The State Police issued a second citation to Licensee on September 18, 2001, charging that on August 12, 2002, Licensee violated Section 5.32(a) of the Board’s regulations by permitting the use of a loudspeaker or similar device on the outside of its licensed premises, whereby “the sound of music” or other entertainment, or *870the advertisement thereof, could be heard outside of the premises.

A hearing was held on both citations before an Administrative Law Judge (ALJ) pursuant to Section 471 of the Liquor Code. The ALJ sustained the citations, ordered Licensee to pay a fine of $1200, and imposed a one-day license suspension. The Board affirmed, and Licensee filed a timely appeal with the trial court, which convened a hearing de novo.
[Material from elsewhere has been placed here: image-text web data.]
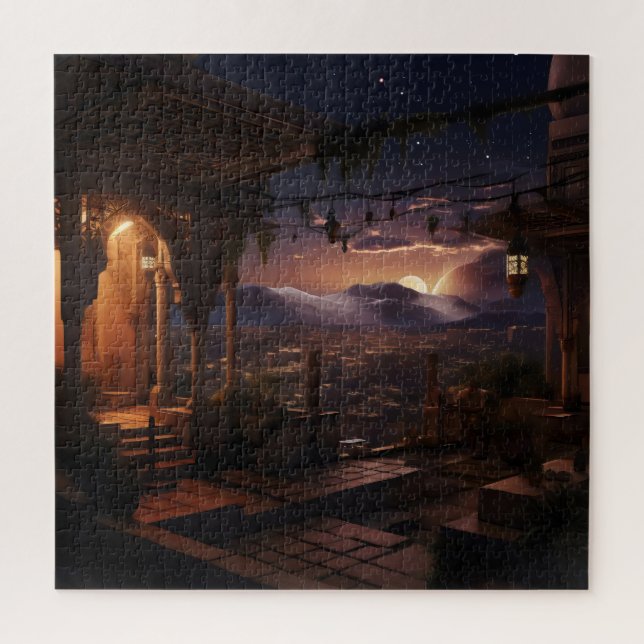 Oriental Palace Night View Jigsaw Puzzle (Vertical)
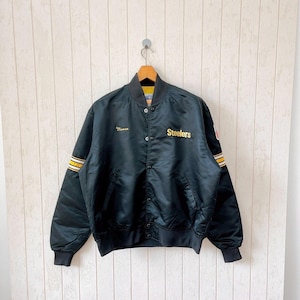 Vintage Pittsburgh Steelers jacket/ vintage 90s NFL bomber jacket/ vintage Starter Mdae in USA bomber jacket/ size L
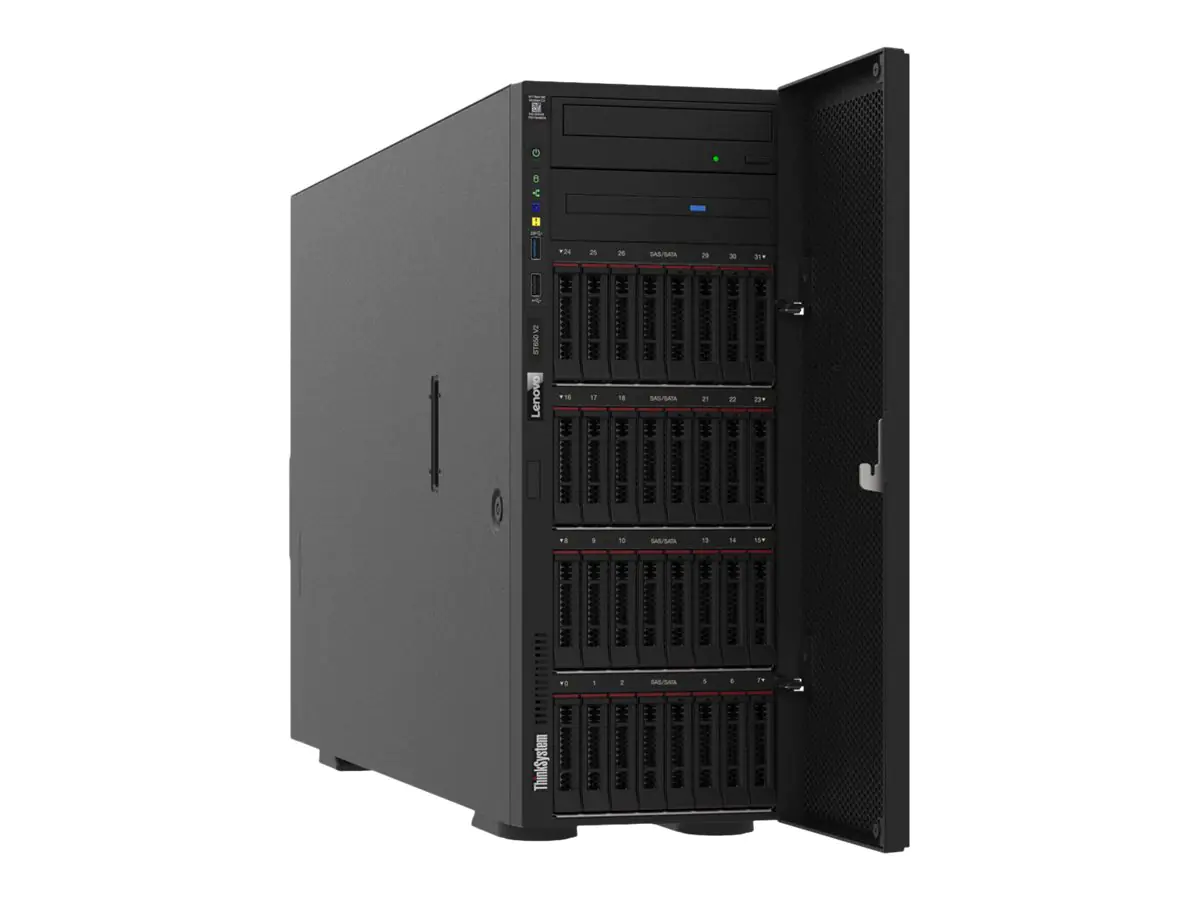 Lenovo ThinkSystem ST650 V2 7Z74 - Server - Tower - 4U - zweiweg - 1 x Xeon Silver 4309Y / 2.8 GHz - RAM 32 GB - SAS - Hot-Swap 6.4 cm (2.5") Schacht/Schächte - keine HDD - Matrox G200 - 1GbE, 10GbE - kein Betriebssystem - Monitor: keiner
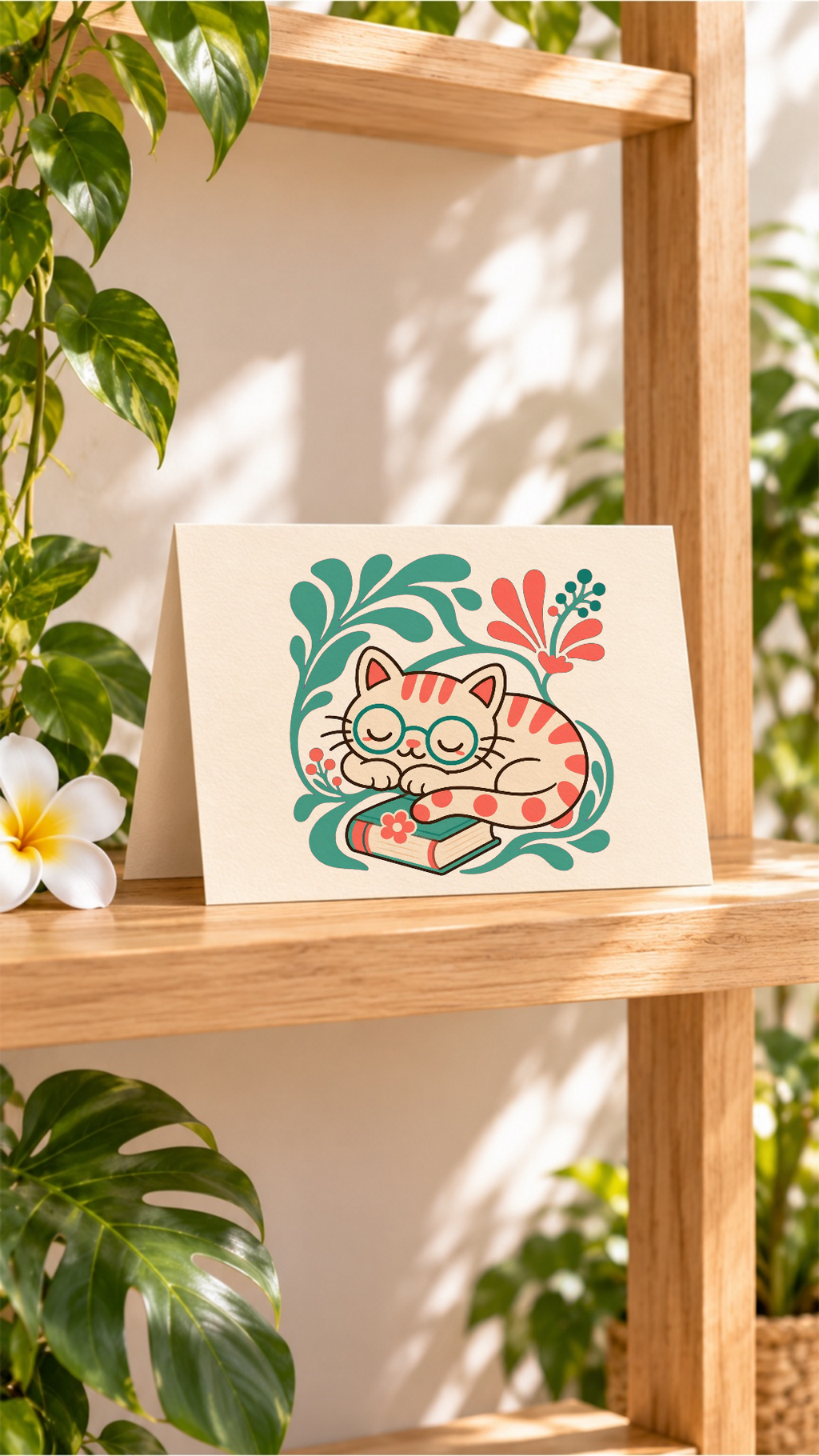 Sleeping Cat, Books and Plants Collection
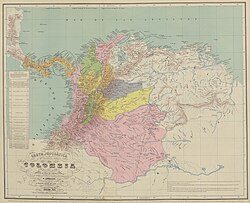 Mapa de los Estados Unidos de Colombia
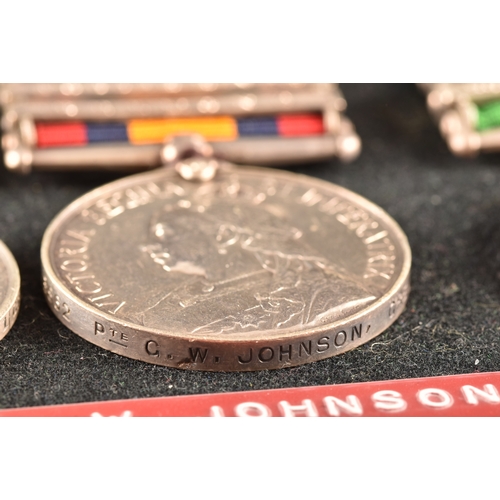 21 - A four medal Boer War group awarded to: 3562 Private G. W. Johnson Grenadier Guards. Comprising: a Q... 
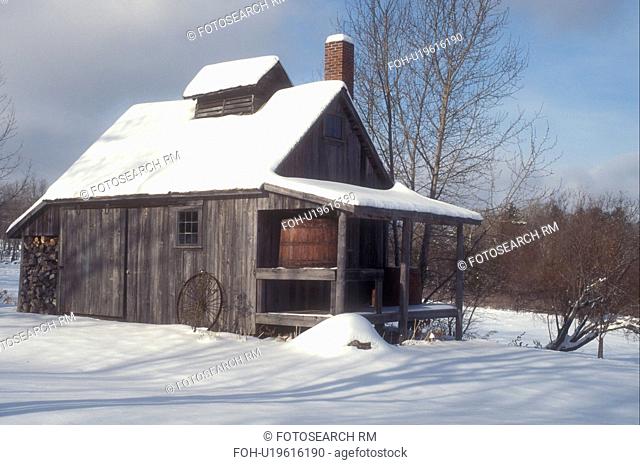 sugarhouse, maple syrup, winter, Peacham, VT, Vermont, Small snow-covered sugar shack in the winter in Peacham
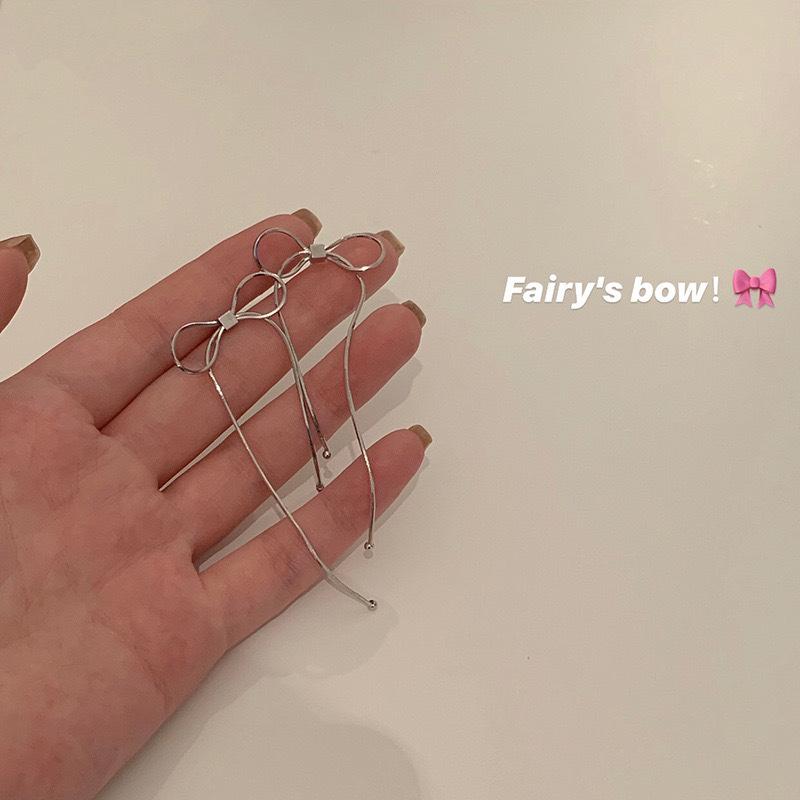 Summer bow earrings new trendy temperament high-end tassel niche earrings women s earclips earrings women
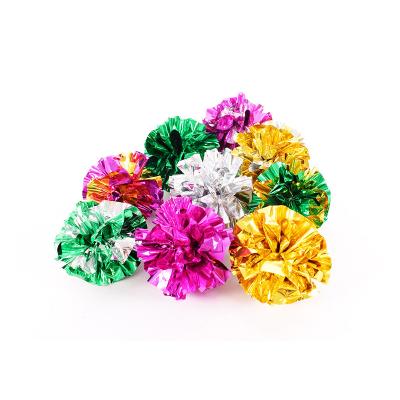 China Viable Cat Toy Colorful Ring Ball Aluminum Foil Toys for sale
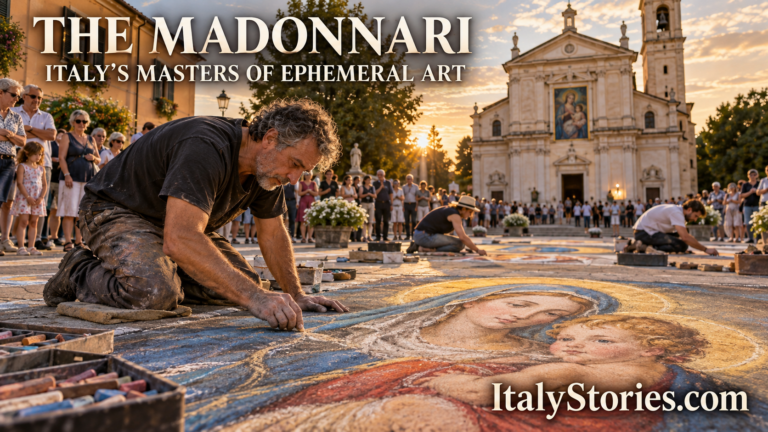 Italian madonnari creating a colorful chalk image of the Madonna and Child outside the sanctuary at Grazie di Curtatone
At the hearing, Officer Christopher Keisling, a liquor control enforcement officer with the State Police, testified that on July 12, 2001, he witnessed a patron at Licensee’s establishment use slurred speech, fall off his barstool, and stagger when he walked. He thereafter observed the bartender serve this individual two light beers and a “shot” of whiskey. In rebuttal, Licensee offered the testimony of the bartender, Meredith Hannan, who testified that she had been trained in the safe serving of alcohol, that she did not observe the patron she served to be visibly intoxicated, and that, in fact, this patron is slower witted than most people, with a voice that could be- mistaken for slurred speech, and has an unusual gait. The trial judge determined that the testimony of Officer Keisling was more credible than that of Ms. Hannan. He noted that Officer Keisling had been trained to be an impartial observer when recognizing intoxicated persons, and he further noted that Ms. Hannan, as an employee of Licensee, was not impartial.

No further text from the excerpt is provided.